Stored data:
# # # # #
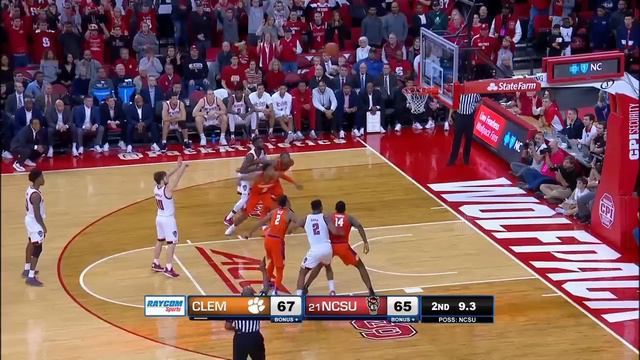 NC State beats Clemson on buzzer-beater, 8-0 run in final 19 seconds | College Basketball Highlight смотреть онлайн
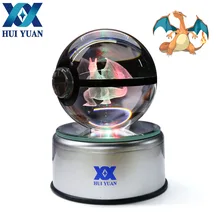 HUI YUAN Charizard Crystal Ball 8CM Rotary Base USB  Battery Powered 3D LED Night Light Desk Table Lamp Decorations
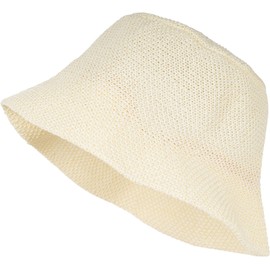 styleBREAKER Ladies Fishing Hat Made of airy Woven Paper Straw, Foldable Crush hat, Sun hat, Bucket Hat 04025032, Cream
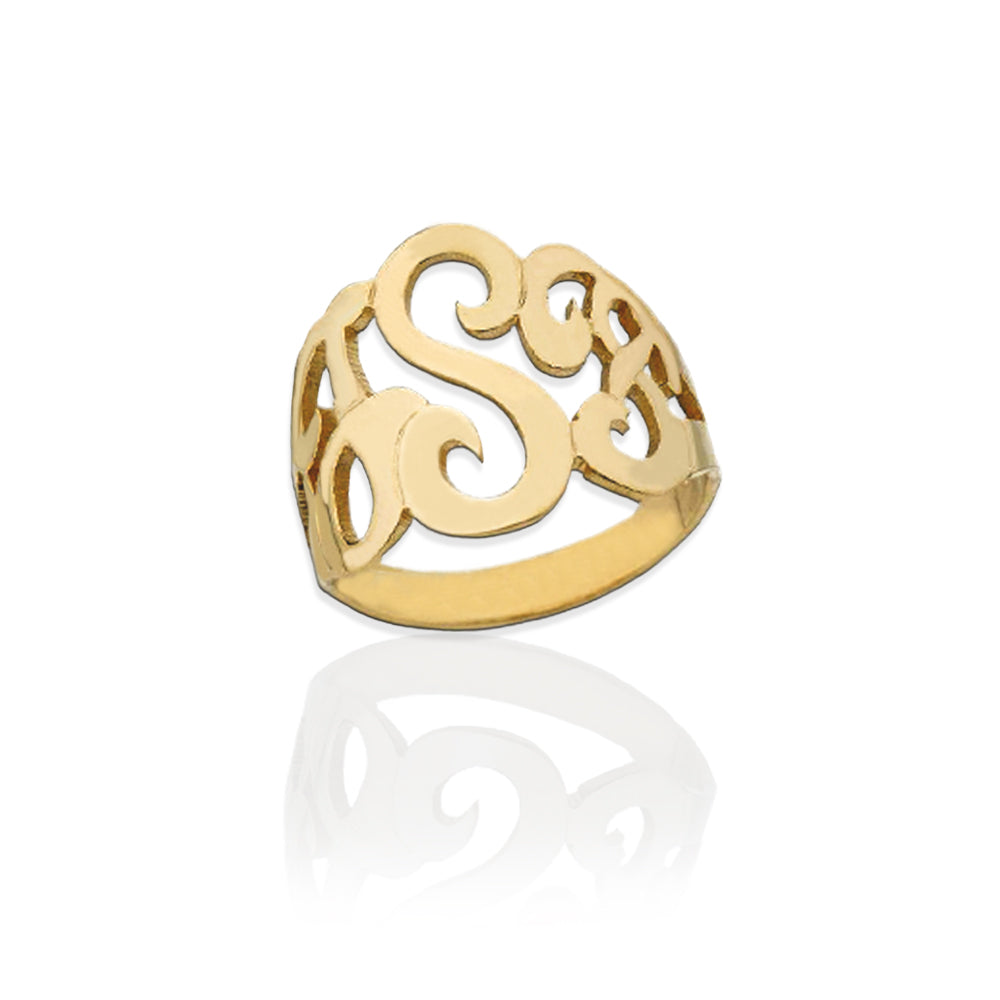 Gold Lucky Signet Monogram Ring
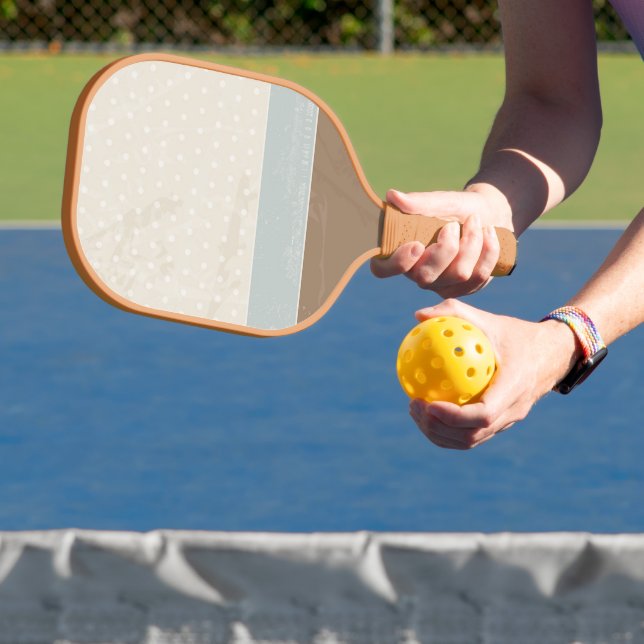 Blue Beige Brown Soft Polka Dots Retro Hintergrund Pickleball Schläger (InSitu)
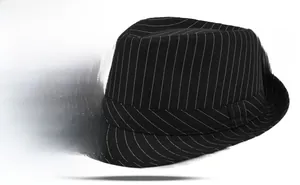 Detail view of black Fedora hat fabric with white stripes and elegant hatband decoration
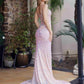 Nox Anabel G1655 Lace-Up Sequin Sheer Boned Waistline Dress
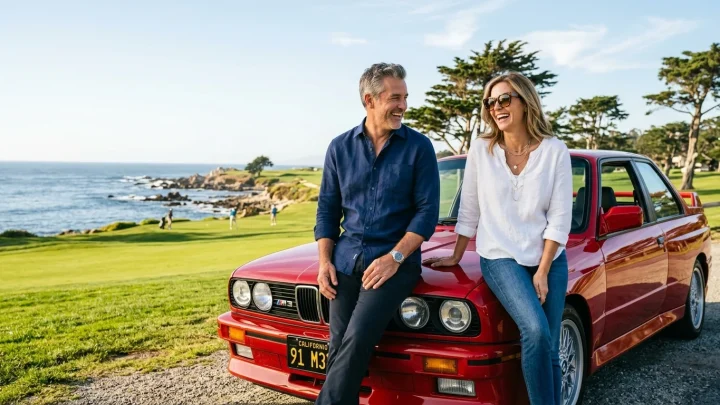 Eine Vielzahl deutscher Automobile auf einem Golfplatz während der Monterey Car Week.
# # # # #
Task objective: If a picture falls within the span, leave it out, and reproduce exactly the lines from the one containing "HUI YUAN Charizard" through the end of the material, and no others.

Answer for the task:
 HUI YUAN Charizard Crystal Ball 8CM Rotary Base USB  Battery Powered 3D LED Night Light Desk Table Lamp Decorations
 styleBREAKER Ladies Fishing Hat Made of airy Woven Paper Straw, Foldable Crush hat, Sun hat, Bucket Hat 04025032, Cream
 Gold Lucky Signet Monogram Ring
 Blue Beige Brown Soft Polka Dots Retro Hintergrund Pickleball Schläger (InSitu)
 Detail view of black Fedora hat fabric with white stripes and elegant hatband decoration
 Nox Anabel G1655 Lace-Up Sequin Sheer Boned Waistline Dress
 Eine Vielzahl deutscher Automobile auf einem Golfplatz während der Monterey Car Week.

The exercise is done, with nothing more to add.